Pernah makan disebuah warung dan disuguhi minuman menggunakan gelas berwarna-warni namun ukurannya sama?
Manusia itu ibarat seperti gelas warna-warni. Bentuknya sama, hanya kadang ukuran serta bentuk fisiknya berbeda. Seperti gelas yang ketika diisi dengan air putih saja, hanya dihargai 500 rupiah atau bahkan gratis. Kalau diisi dengan es teh, harganya naik menjadi 2000 atau 3000 rupiah. Diisi dengan coklat panas, harganya naik semkain tinggi 5000 rupiah. Begitu seterusnya.
Ibarat gelas, manusia pun sama. Manusia dinilai dari seperti apa isi dalam dirinya. Seperti apa akhlak yang keluar dari diri seseorang, maka seperti itulah nilainya. Ada manusia yang lebih memilih untuk mengisi dirinya dengan sedikit ilmu namun memperkaya diri dengan harta. Ini seperti gelas dari perak penuh ukiran namun isinya air putih. Itupun hanya setengah.
Ada manusia yang lebih memilih mempercantik penampilan fisik dari pada ilmu, mereka ini seperti gelas keramik yang diukir namun tidak ada isinya. Hanya fisiknya saja ynag indah namun isinya kosong mlompong. Tapi ada manusia yang memilih untuk mengisi penuh dirinya dengan ilmu namun lupa bahwa penampilan secara fisiknya kacau. Ibarat gelas, dia ini seperti coklat panas dalam gelas yang retak. Tidak ada yang mau meminumnya, karena takut terluka bibirnya.
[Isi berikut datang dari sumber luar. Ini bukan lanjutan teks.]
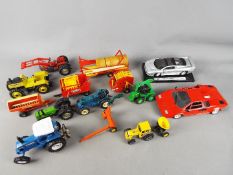 Lot to include a quantity of unboxed, playworn model farm vehicles / implements by Britains,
Dan tentu saja ada jenis manusia yang terus berusaha mengisi dirinya dengan ilmu namun tetap memikirkan seperti apa kualitas fisiknya. Bagaimana dia dinilai oleh orang lain. Tujuannya agar apa yang ada dalam dirinya bisa dibagikan dengan mudah diterima.
Setiap kita tentu saja ingin menjadi golongan yang terakhir. Tidak ada manusia yang ingin menjadi gelas perak yang hanya berisi air putih atau gelas keramik yang isinya kosong. Ini tidak mudah. Tidak heran kalau banyak yang memilih berhenti dan berkata “Sudahlah, begini saja sudah cukup.”. Ini tentang pilihan. Pilihan untuk memilih seperti apa isi yang dari diri kita. Sebab nantinya isi ini yang akan kita pertanggungjawabkan kepada Allah. Gelasnya? Tentu saja kembali kepada asalnya.